Is the new Pope woke?

The Inquiry

BBC

News Commentary, News

4.61.7K Ratings

🗓️ 18 November 2025

⏱️ 24 minutes

🧾️ Download transcript

Summary

Cardinal Robert Prevost made history earlier this year, when he became the first American pontiff to lead the Catholic Church. And when he stepped out onto the balcony of St Peter’s Basilica as Pope Leo XIV, dressed in traditional papal robes, some conservatives in the church took it as a sign of a symbolic shift away from what they saw as the liberal drift of his predecessor the late Pope Francis.

Francis, who had put social justice at the heart of his papacy, divided opinion.
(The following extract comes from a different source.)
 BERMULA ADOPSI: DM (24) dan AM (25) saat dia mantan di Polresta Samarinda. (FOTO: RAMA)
Some Catholics praised his stance on issues like same-sex blessings, whilst others claimed that he had abandoned tradition for wokeness.

Now six months into his papacy, Pope Leo XIV is also coming under similar scrutiny, he’s already been criticized by some Catholics from the Make America Great Again (Maga) movement in the United States for blessing a block of Greenland ice. Whilst on the issue of same-sex blessings, his stated intention is to continue the same course as Pope Francis, that the Church’s teaching is not going to change on this issue.
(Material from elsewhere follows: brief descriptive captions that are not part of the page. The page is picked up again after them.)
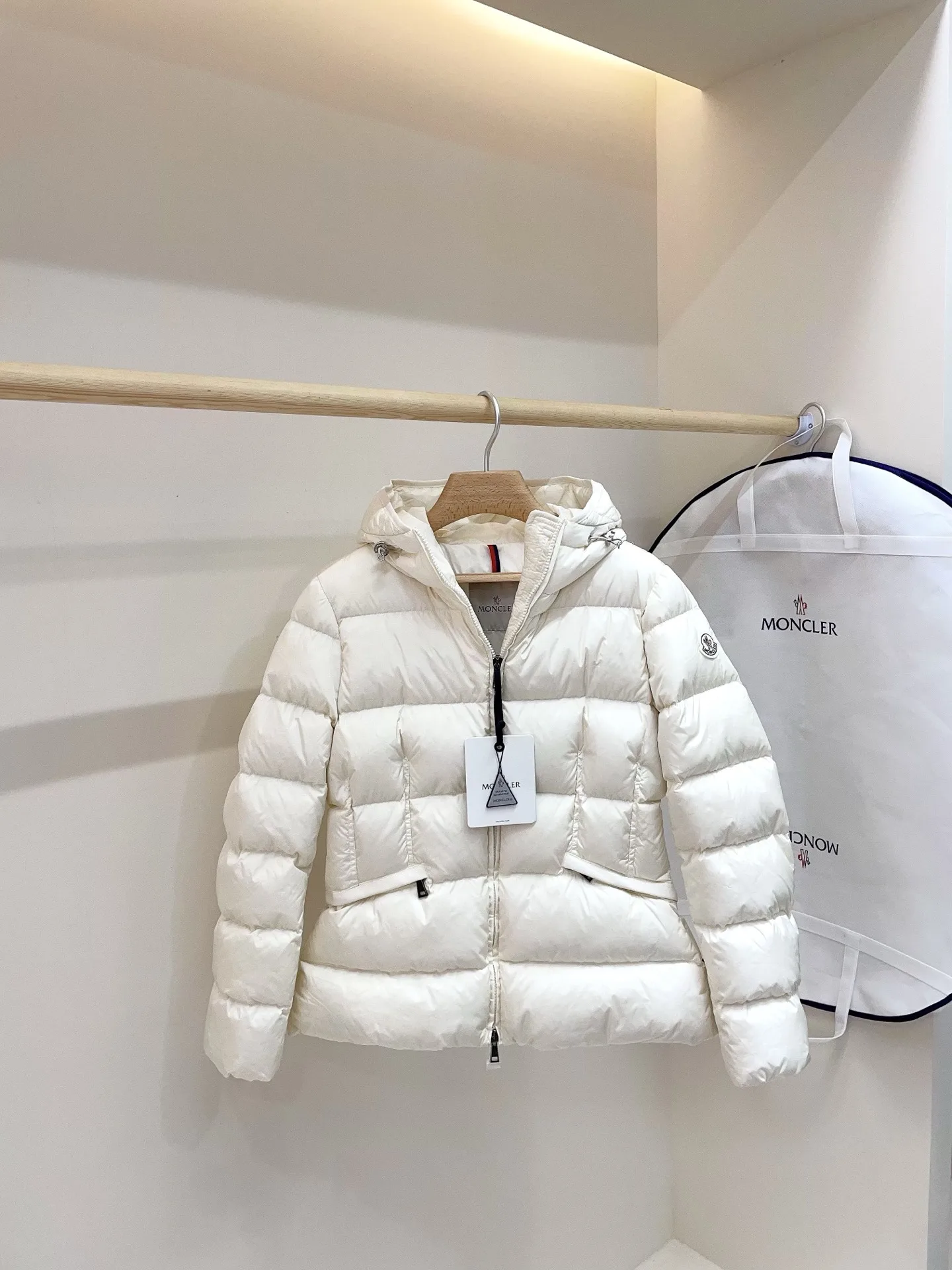 몽클레르 아보체 쇼트 다운 자켓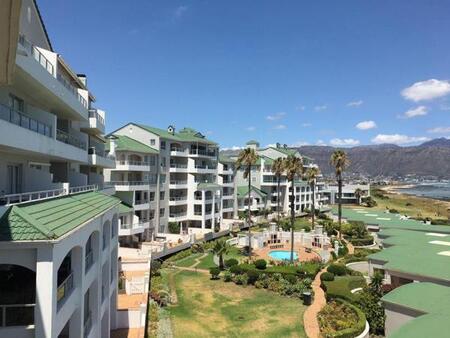 4 Bedroom Apartment in Greenways Golf Estate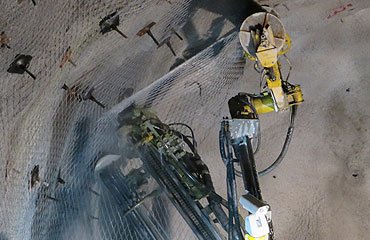 El trabajo manual se reduce al mínimo y grandes cantidades de malla se pueden procesar de forma simultánea. El trabajo manual se reduce al mínimo y grandes cantidades de malla se pueden procesar de forma simultánea.
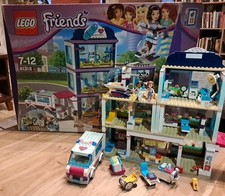 Lego heartlake krankenhaus gebraucht kaufen  Geroldsgrün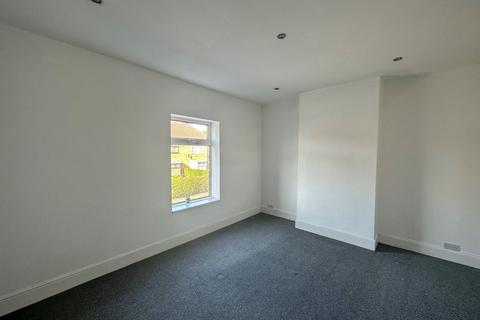 3 bedroom terraced house to rent, Ellesmere Street, Swinton, M27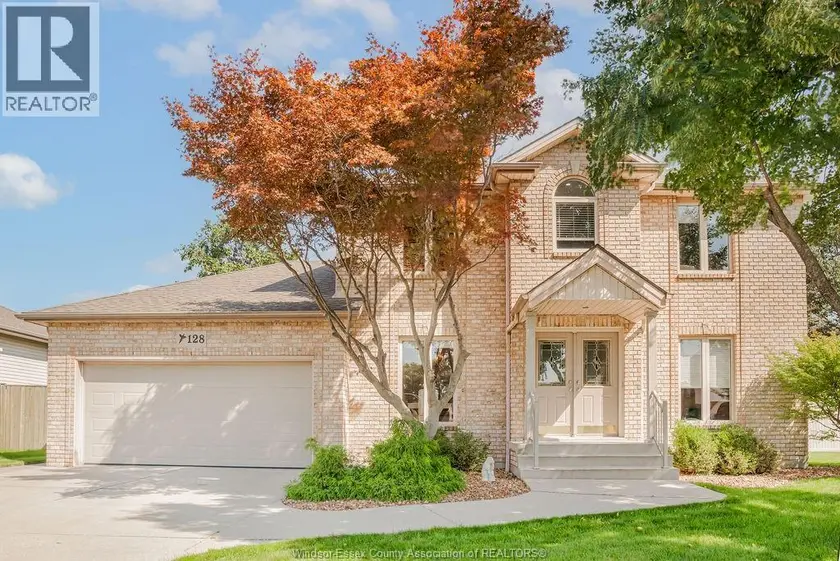 Detached at 128 Pheasant Run DRIVE, Lakeshore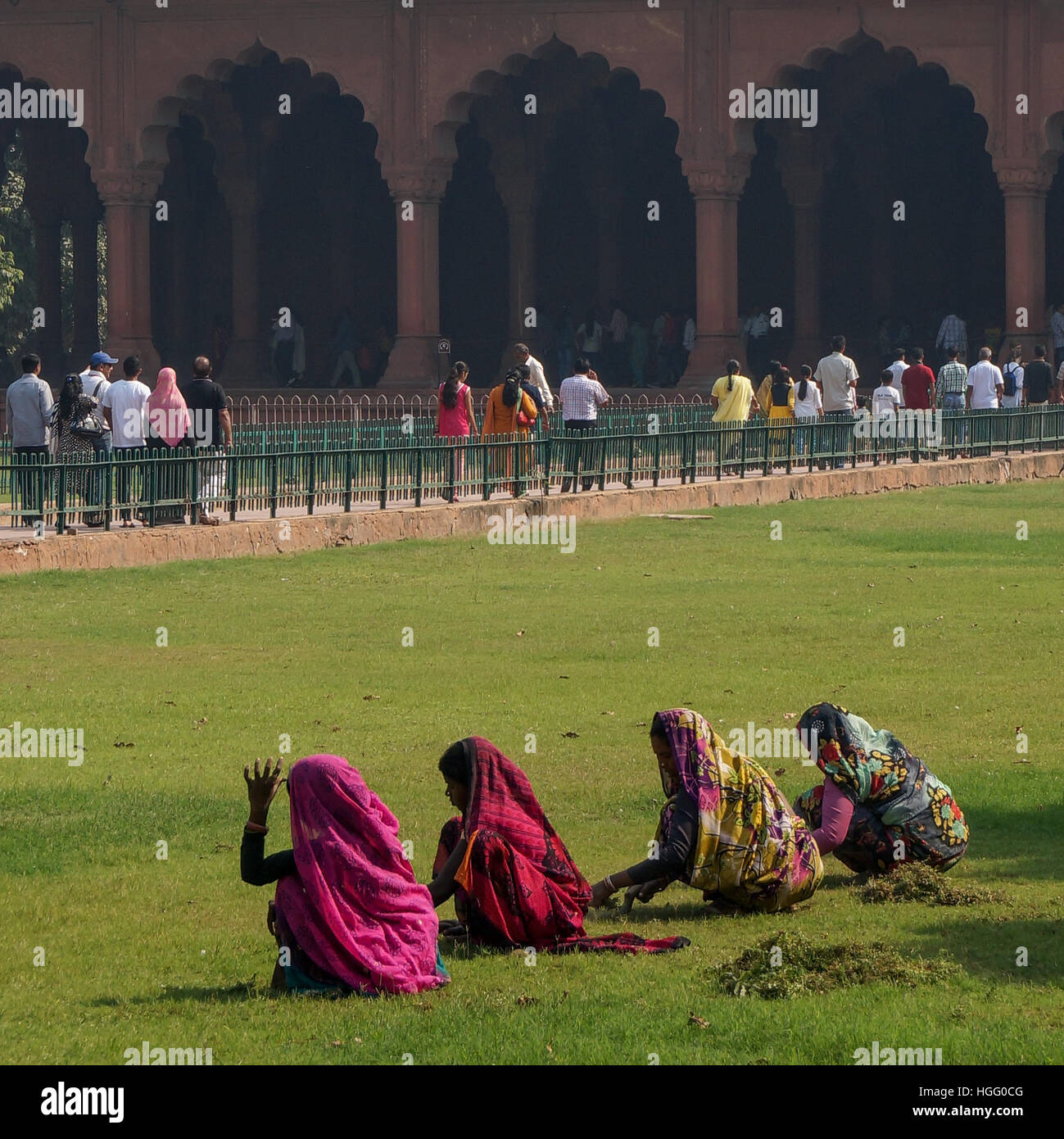 Sari bekleideten Damen Jäten das Rote Fort, Delhi, Indien Stockfoto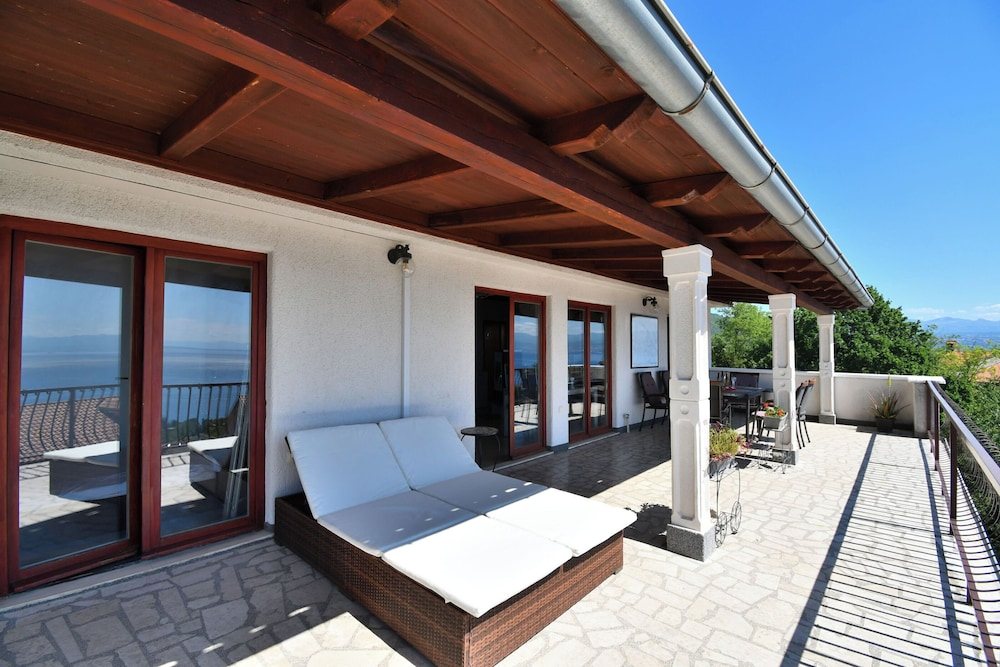 Apartment Lokva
But though he may also be advocating diversity, equity and inclusion, Pope Leo XIV may not necessarily be a carbon copy of his predecessor. As he prepares for his first apostolic visit to Turkey and Lebanon, Pope Leo XIV already appears to be charting a more nuanced path, grounded in pastoral instincts rather than divisive politics.

So, on The Inquiry this week we’re asking, ‘Is the new Pope woke?’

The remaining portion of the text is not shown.